American Alpine Jounrna and Accidents in North American Climbing

Koh-e-Baba towers

Afghanistan, Koh-e-Baba Mountains,

  • Climbs And Expeditions
  • Author: Mike Libecki
  • Climb Year: 2010
  • Publication Year: 2011

In early July I arrived in Kabul alone and took a chartered flight to Bamiyan Province. Here I hired a 4×4 and local guide/translator and drove to the Koh-e-Baba Mountains, a western extension of the Hindu Kush 170km west of Kabul. I had photos of some towers, but no one I met recognized them. After several hours of driving, I spotted them from the road. Locals agreed to hire a horse and mule to take me to the towers. At first the locals were concerned that helping an American might cause political trouble in their village, but as I had official documents, they allowed me to continue. Next day we established base camp close to the towers. The photo had made them look like granite, but now I could see they were loose, crumbly limestone. Rain and wet snow settled in, part of the same system that caused horrific floods in Pakistan at that time.
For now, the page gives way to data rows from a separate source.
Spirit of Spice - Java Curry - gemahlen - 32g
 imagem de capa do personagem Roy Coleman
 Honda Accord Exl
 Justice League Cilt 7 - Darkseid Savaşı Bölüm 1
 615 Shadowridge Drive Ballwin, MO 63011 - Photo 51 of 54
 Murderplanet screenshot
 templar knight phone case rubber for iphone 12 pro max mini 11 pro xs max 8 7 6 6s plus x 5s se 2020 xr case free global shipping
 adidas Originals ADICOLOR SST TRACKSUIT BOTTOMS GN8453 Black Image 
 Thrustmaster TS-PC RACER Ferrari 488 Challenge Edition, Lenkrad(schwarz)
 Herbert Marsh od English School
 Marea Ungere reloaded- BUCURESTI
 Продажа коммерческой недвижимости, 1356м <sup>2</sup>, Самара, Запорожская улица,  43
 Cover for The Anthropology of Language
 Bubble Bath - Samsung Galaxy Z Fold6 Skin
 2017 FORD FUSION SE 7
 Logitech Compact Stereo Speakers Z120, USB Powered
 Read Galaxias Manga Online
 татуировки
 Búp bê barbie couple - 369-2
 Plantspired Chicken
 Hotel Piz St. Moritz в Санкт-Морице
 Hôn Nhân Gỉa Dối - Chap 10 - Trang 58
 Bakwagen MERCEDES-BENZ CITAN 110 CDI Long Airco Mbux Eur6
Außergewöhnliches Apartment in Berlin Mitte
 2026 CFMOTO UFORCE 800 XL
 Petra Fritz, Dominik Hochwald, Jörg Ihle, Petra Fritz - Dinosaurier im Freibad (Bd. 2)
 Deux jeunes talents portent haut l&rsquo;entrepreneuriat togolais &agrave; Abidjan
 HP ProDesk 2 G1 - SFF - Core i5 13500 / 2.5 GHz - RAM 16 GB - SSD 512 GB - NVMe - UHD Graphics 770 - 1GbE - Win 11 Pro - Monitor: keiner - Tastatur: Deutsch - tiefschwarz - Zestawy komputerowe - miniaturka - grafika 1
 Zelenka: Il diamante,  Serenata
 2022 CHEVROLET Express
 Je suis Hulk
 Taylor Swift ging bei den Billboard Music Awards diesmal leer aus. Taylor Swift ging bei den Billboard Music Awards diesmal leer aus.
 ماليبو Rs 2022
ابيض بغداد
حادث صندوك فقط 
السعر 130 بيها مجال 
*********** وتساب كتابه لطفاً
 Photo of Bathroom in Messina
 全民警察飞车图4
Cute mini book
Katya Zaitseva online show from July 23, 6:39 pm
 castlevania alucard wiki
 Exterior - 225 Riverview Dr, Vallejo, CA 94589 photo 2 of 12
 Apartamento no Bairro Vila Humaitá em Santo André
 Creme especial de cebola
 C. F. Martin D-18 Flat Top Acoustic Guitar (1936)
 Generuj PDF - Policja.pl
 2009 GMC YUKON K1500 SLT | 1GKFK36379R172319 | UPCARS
A week later the weather stabilized, and I fixed a pitch through snow and ice (rock climbing shoes with crampons) and up into the gray-white limestone. The stone was so loose and sandy that most cam placements slid out under bodyweight. Next morning I started pitch two. After 175' the system I was following led to a questionable, chunky flake, about eight feet wide, five feet tall, and just over a foot thick. I tapped it lightly with my hammer. I had to pass through this section or retreat. I put in a cam on the very right edge of the flake, weighted it, and it pulled out. The limestone seemed to be all mudded together, so I decided not to touch the flake again. I drilled a couple of holes underneath it and hooked past the flake. Ten feet above and left of the flake, I started to drill an anchor. As I hammered the bolt, ckckrrrhhhupulchch. The entire flake exploded down the face. Frightening is an understatement. My main thought was that the ropes could be cut. I finished building my anchor, then, with two back-ups on my tag line, slowly lowered. The tag line was hit badly in two places; I tied double knots and passed them. My lead line was cut, exposing white cord. This was the worse rock I had come across in my life, and, tail between my legs, I went back to camp.

Next morning I swapped my lead line for a spare and continued. But 100' up the fourth pitch I finally accepted the message that the rock, lubricated by rain, was giving me. At that moment huge stonefall came down to my right. The lead rope was hit in two places. I had to go down now, finally limping away from the base of the tower after a grapefruit-sized stone connected with my foot.

I had a few days left before catching the plane home, so I focused on the remaining two summits. Several couloirs led to a ridge that would get me to the backside of the towers. I climbed one that was enjoyable: easy enough to climb fast with crampons, steep enough for a long fall. After about 1,500' I was on a ridge of dragon-back peaks and fins, again composed of the shittiest rock. I had come upon a self-born rating system, which I reference as Russian Roulette Rating to quantify the looseness of the rock. On a 1 to 5 RRR system, the first climb I attempted had to be RRR4 (am I sugar coating this, some kind of denial?), while this second tower was RRR3. The rock crumbled every few moves. Downclimbing would be scary. Twenty feet below the top I thought of turning back. I moved s-l-o-w-l-y, to the summit, touched it with my hand (tag, you’re it) and downclimbed.

It was now late afternoon, and I still had one more summit I wanted to climb. I scrambled through gullies and along ridges to reach its base. Although loose, the climbing was straightforward, and the ascent quick. I arrived back at camp as a manzanita-maroon sky and jagged black horizon became one.